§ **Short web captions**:
※ ※ ※
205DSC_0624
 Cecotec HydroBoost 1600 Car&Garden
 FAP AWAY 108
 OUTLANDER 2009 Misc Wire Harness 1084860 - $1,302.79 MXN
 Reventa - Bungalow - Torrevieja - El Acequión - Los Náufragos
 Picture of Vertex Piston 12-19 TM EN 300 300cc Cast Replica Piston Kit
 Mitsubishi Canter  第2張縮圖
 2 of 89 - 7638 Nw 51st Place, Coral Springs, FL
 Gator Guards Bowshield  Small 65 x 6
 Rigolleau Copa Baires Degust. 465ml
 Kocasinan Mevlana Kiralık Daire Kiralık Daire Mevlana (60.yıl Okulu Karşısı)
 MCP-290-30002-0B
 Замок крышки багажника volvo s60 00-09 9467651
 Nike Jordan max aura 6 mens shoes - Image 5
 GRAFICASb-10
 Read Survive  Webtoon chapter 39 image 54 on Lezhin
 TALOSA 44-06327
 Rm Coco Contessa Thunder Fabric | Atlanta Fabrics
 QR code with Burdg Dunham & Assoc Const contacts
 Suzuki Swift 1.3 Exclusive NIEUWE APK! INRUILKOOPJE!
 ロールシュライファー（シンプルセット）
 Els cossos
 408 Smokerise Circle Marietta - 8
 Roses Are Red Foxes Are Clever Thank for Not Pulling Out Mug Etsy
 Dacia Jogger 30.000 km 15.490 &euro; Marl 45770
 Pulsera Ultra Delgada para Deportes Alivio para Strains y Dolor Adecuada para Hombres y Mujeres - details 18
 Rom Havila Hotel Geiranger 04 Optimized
※ ※ ※
§ **YOUR INSTRUCTIONS**: Output an exact copy of the lines beginning at the one that holds "QR code with" and running through the final line of the records.

§ **YOUR SOLUTION**:
 QR code with Burdg Dunham & Assoc Const contacts
 Suzuki Swift 1.3 Exclusive NIEUWE APK! INRUILKOOPJE!
 ロールシュライファー（シンプルセット）
 Els cossos
 408 Smokerise Circle Marietta - 8
 Roses Are Red Foxes Are Clever Thank for Not Pulling Out Mug Etsy
 Dacia Jogger 30.000 km 15.490 &euro; Marl 45770
 Pulsera Ultra Delgada para Deportes Alivio para Strains y Dolor Adecuada para Hombres y Mujeres - details 18
 Rom Havila Hotel Geiranger 04 Optimized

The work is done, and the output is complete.